弁護士 岩波 耕平

 ロシア軍のウクライナ侵攻を受けて、憲法9条改正論が叫ばれている。
 「ウクライナが明白に侵略を受けた以上、もはや憲法9条に意味はない、9条があっても平和は守れない。だから、日本も同様の侵略を受けないようにするため、早急に憲法9条を改正すべき。」というものである。

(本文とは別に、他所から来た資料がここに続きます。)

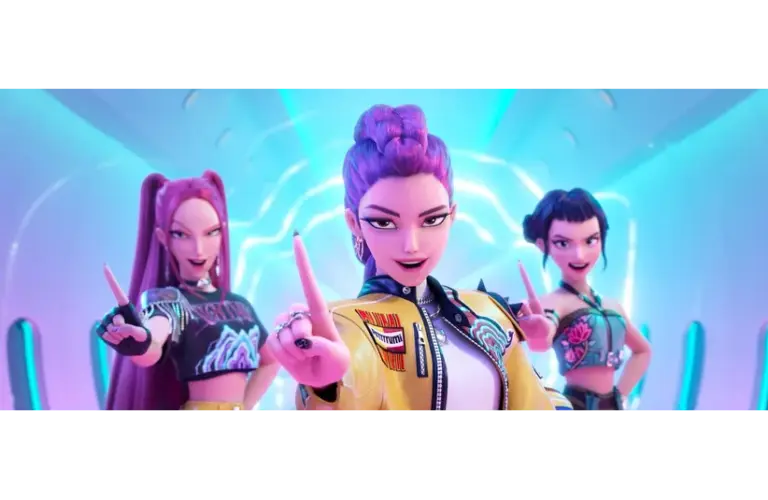 Three animated characters from "KPop Demon Hunters" pose confidently in a futuristic setting with vibrant lighting. They point forward, exuding energy and determination. KPop Demon Hunters is nominated for a Golden Globe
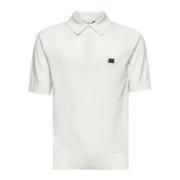 Witte Polo Shirt met Logo Plaat Dolce & Gabbana , White , Heren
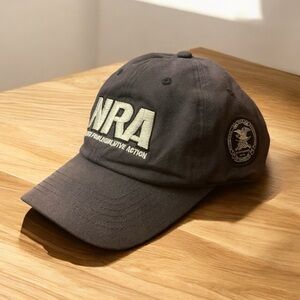 NRA Front Back & Side Logo Embroidered Adjustable Velcro Strap Cap!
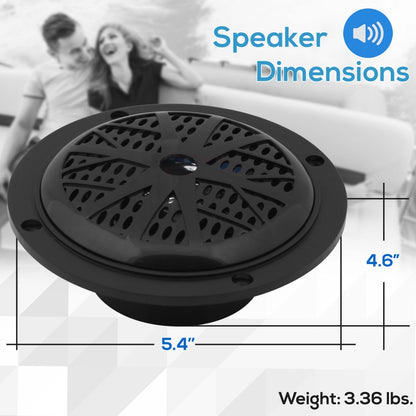 4" Waterproof Marine Speakers, Dual Cone, Polypropylene, Black, 1 Pair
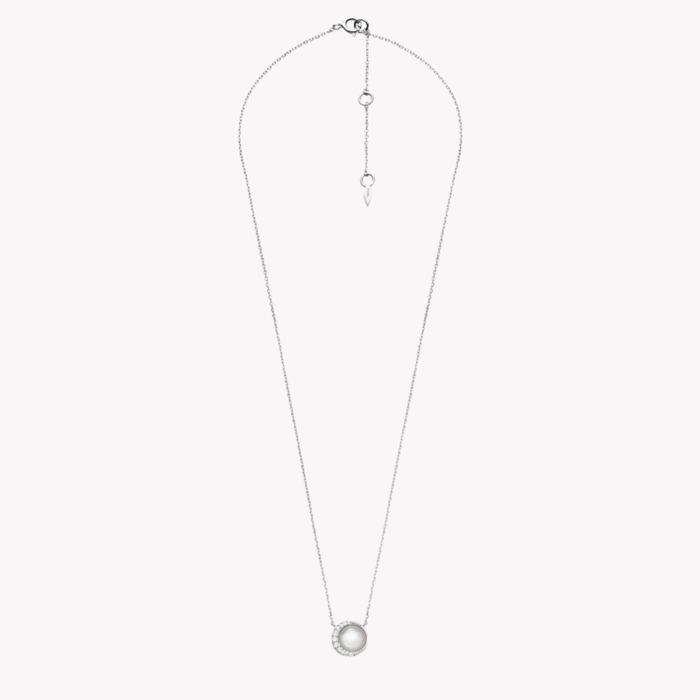 Fossil Women's Silver Necklace, Mother Of Pearl & Cubic Zirconia | JFS00579040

 改憲派は、「9条があっても平和は守れない。」などと言うが、憲法9条という存在は、日本の国家権力を拘束することによって、他国を侵略する準備も実力も存在しないことを国際社会に公言し、外交等によって非軍事的な安全保障体制を構築していくということを意味する。
 改憲派の人々は、軍拡することによって、他国の武力行使を抑止できるというが、日本が軍拡をすれば、他国はこれに負けないように更に軍拡をするといった軍拡のループに陥り、国家間の緊張が高まることになる。
 現に今回のロシア軍によるウクライナ侵攻も、ロシアがNATOの東方拡大を懸念したことが最大の理由とされている。どのような理由があるにせよロシアによるウクライナへの侵攻が許されるものではないことは当然のことではあるが、このようにお互いに軍事的威嚇を振りかざせば、それがエスカレートしていき、引き下がれないところまで来てしまうこともまた当然と言えるのではないだろうか。

 言うまでもなく、戦争は悲惨なものである。戦争が起これば、多くの国民の命が失われることになる。もっとも、私自身、実際に戦争を経験しているわけではなく、戦争を経験された方から話を聞いたに過ぎない。
 そういった理由からか、ある報道によれば、改憲に賛成する割合は若年層ほど高いとのことである。しかし、戦争が起こった際に前線に立つのはその多くが、若者である。